Attivismo civico & Terzo settore

I miei alunni nella pancia della Bovisa

Una maestra visita i suoi alunni rom al campo, alla vigilia di un nuovo sgombero

di Sara De Carli

Sul numero in edicola Vita racconta di come maestre, genitori e alunni delle tre scuole della zona di Lambrate si siano mobilitati pubblicamente per difendere il diritto ad andare a scuola dei bambini rom dell’ex campo di via Rubattino. Molti di essi, dopo lo sgombero, sono finiti a Segrate, da cui sono stati nuovamente sgomberati lo scorso 15 febbraio. Alcuni altri bambini, invece, sono disseminati per la città. Come i fratellini C. e R., che sono alla Bovisa. R. è il bimbo la cui nuova maestra aveva scritto una lettera pubblica al Corriere della Sera, C. una ragazzina che ha cambiato cinque scuole a Milano in un anno e mezzo. L’amministrazione ha annunciato per oggi un nuovo sgombero. Ieri le maestre sono andate a trovare i loro alunni. Ecco il resoconto di questa giornata (nella foto un’immagine dell’area di via Durando da cui i rom sono stati allontanati il 10 marzo, sotto la neve).

Credevo di aver visto un ventaglio esauriente di posti dove i rom continuamente scacciati si accampano, compreso il girone dantesco della fabbrica crollata di Rubattino tra macerie e topi (20 novembre 2009).

Quello che ho visto oggi è molto, molto peggio.

Zona Bovisa, un edificio a più piani mai terminato, di cui esistono solo pilastri d’acciaio verticali e orizzontali e solette. Il tutto evidentemente abbandonato da anni.

Dal marciapiede spostando una lamiera si accede a un prato incolto, lo si attraversa e si arriva all’edificio: nessuna traccia dei rom, non uno, non una voce. Si costeggia il palazzo, cioè il suo scheletro, tra sporcizia e masserizie e si comincia a scendere uno scivolo, fino ad infilarsi sotto il palazzo dove nella semioscurità vivono 7 o 8 famiglie rom. Sottoterra e con la pochissima luce che filtra, con le correnti fredde, molto fredde create da spazi pieni e vuoti.

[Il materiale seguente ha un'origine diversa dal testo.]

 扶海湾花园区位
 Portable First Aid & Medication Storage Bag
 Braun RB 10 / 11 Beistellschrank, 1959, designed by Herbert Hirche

Ci abituiamo alla poca luce (siamo in quattro, tre maestre e una signora volontaria) e cominciamo a veder tende a igloo, bambini, persone: fantasmi, ombre spaventate che non escono nel prato dove il sole rende la temperatura meno rigida per non essere visti. Il popolo del sottoterra milanese. Tutti ci parlano del freddo, ma ancora di più dello sgombero annunciato per domani. Nessuno si lamenta, nessuno ci chiede alcunchè.

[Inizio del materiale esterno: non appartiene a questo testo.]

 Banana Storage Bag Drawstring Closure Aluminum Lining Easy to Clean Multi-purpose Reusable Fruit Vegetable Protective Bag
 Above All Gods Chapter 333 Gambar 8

Mentre siamo lì una signora rom pulisce i fornelli (l’acqua la prendono alla fontanella della piazza vicina), cambia i fogli di  giornale che fanno da tovaglia, scalda una pentola d’acqua e lava le stoviglie. Un’altra scopa il pavimento di cemento: lo spazio in cui stanno è pulito, nelle tende regna l’ordine, ma è un posto da topi, siamo sottoterra al freddo e all’umido puzzolente.

C., nostra scolara di 10 anni, ci chiede un libro per studiare: lei a scuola ci andava, ma i continui sgomberi hanno reso impossibile la frequenza. Ci chiede quando potrà tornare. Per tutto il tempo che stiamo lì non uscirà mai dalle braccia della sua maestra. R., 6 anni, quando vede la sua maestra si ferma immobile e resta così per un po’, ma intanto la faccina gli si trasforma e diventa un unico grande sorriso, sembra che gli scoppi la luce dentro. Poi le corre incontro e le salta in braccio.

Verso di noi solo rispetto, tanto rispetto e grande educazione, verso i bambini coccole e tenerezza.

Noi ce li coccoliamo i nostri scolari e anche i loro fratellini. Mi chiedo in quale altra parte del mondo le persone sono costrette a vivere così e con la paura di essere scacciati anche dai sotterranei: forse nelle fogne di Bucarest? Forse nell’Africa più ingiusta? Forse nelle favelas del Brasile?

Ci è difficile venire via da lì, e quando usciamo non commentiamo. Una donna rom ci augura “buon 8 marzo”.